THE TASK
Please set down the data again exactly, minus the pictures.
::: GIVEN RECORDS
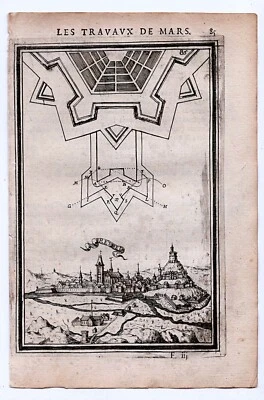 1671 Manesson Mallet Antique Print, Map, View, Fortifications, Rethel, France - Imagem 1 de 2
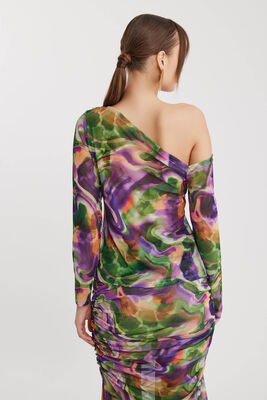 Asimetrik Yaka Tül Bluz - Thumbnail (8)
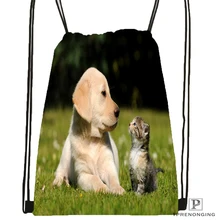 Сделанные на заказ классические Йоркширский терьер походная сумка на шнурке милый рюкзак для детей(черная спинка) 31x40 см#180531-02-28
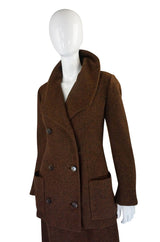 1960s Christian Dior Brown Wool Suit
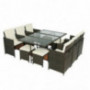 Merax 11 Pcs Outdoor Patio Furniture Set, Rattan Wicker Patio Dining Table Set Garden Coversation Sofa Set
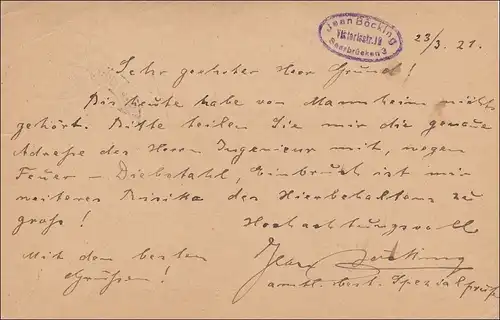 Sarre: 1921 Toute l'affaire Germania de Sarrebruck à Völklingen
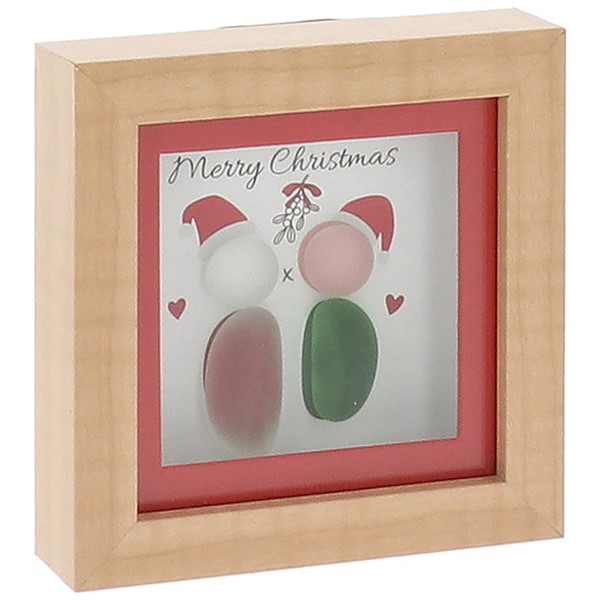 Pebble Glass Mini Plaque Xmas Couple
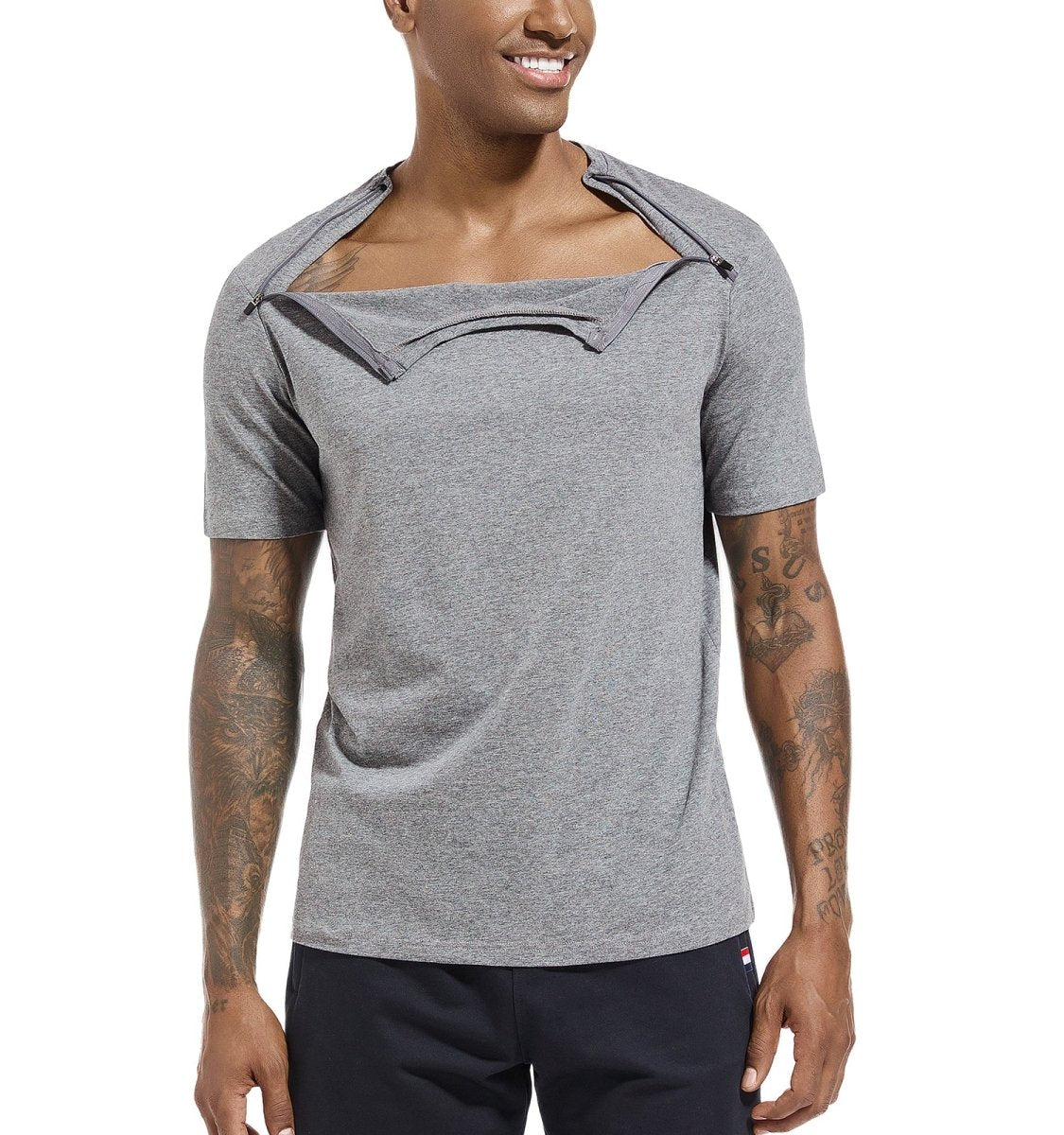 Landofgeni Unisex Port Shirts Post Shoulder Surgery Recovery Shirts - Gray - landofgenie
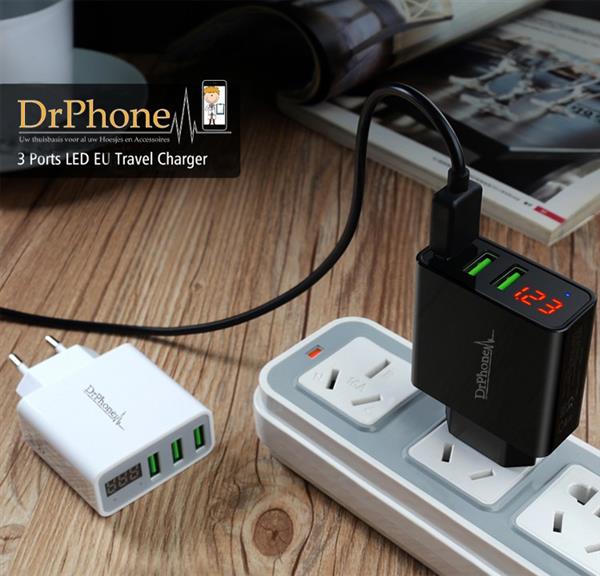 Grote foto drphone thuislader 3 poorten usb oplader 2.4a smart fast charge lader met led display wit telecommunicatie opladers en autoladers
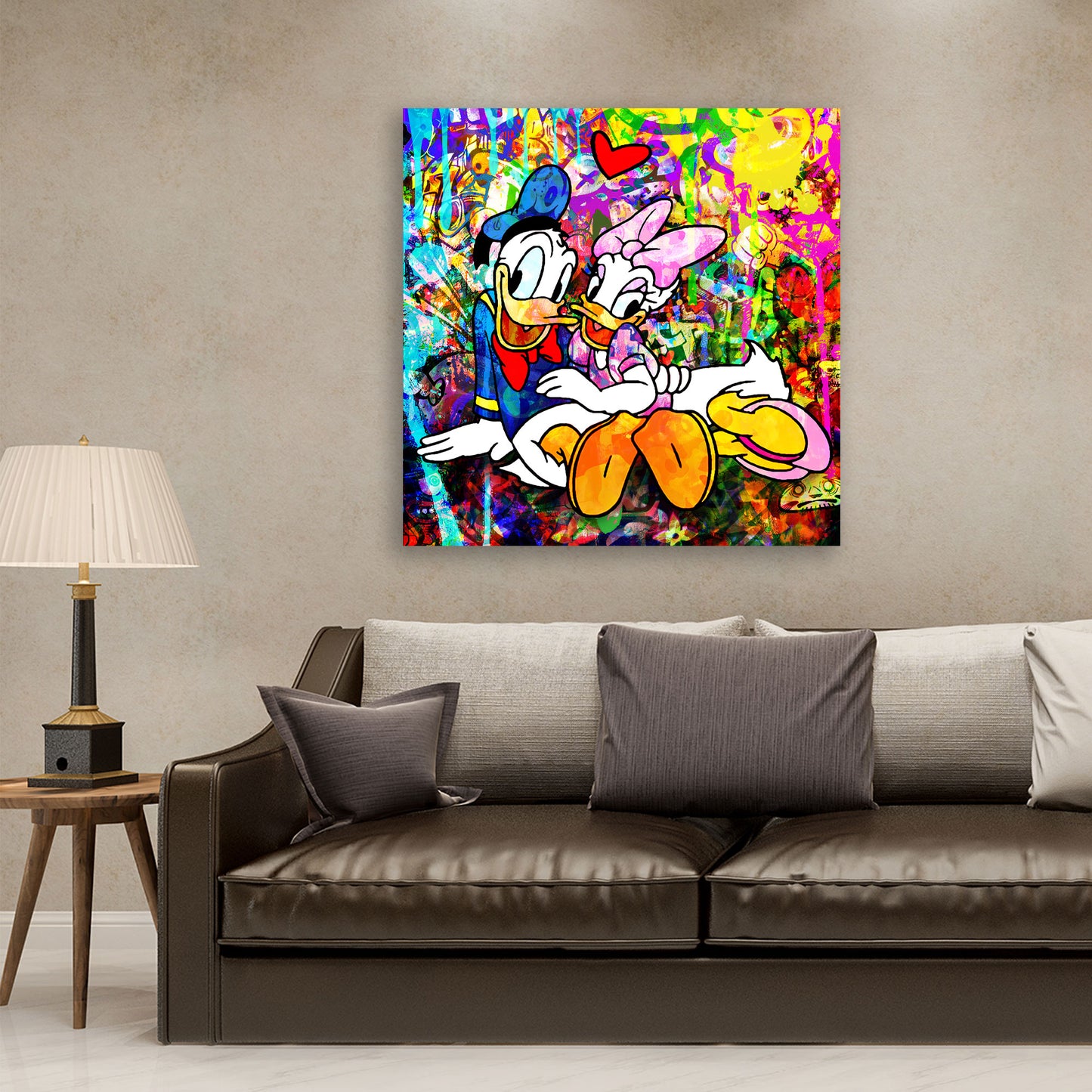 Wandbild Kunstwerk Duck In Love Pop Art, Comics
::::::
EXPECTED OUTPUT
 1671 Manesson Mallet Antique Print, Map, View, Fortifications, Rethel, France - Imagem 1 de 2
 Asimetrik Yaka Tül Bluz - Thumbnail (8)
 Сделанные на заказ классические Йоркширский терьер походная сумка на шнурке милый рюкзак для детей(черная спинка) 31x40 см#180531-02-28
 1960s Christian Dior Brown Wool Suit
 Merax 11 Pcs Outdoor Patio Furniture Set, Rattan Wicker Patio Dining Table Set Garden Coversation Sofa Set
 Sarre: 1921 Toute l'affaire Germania de Sarrebruck à Völklingen
 Pebble Glass Mini Plaque Xmas Couple
 Landofgeni Unisex Port Shirts Post Shoulder Surgery Recovery Shirts - Gray - landofgenie
 Grote foto drphone thuislader 3 poorten usb oplader 2.4a smart fast charge lader met led display wit telecommunicatie opladers en autoladers
 Wandbild Kunstwerk Duck In Love Pop Art, Comics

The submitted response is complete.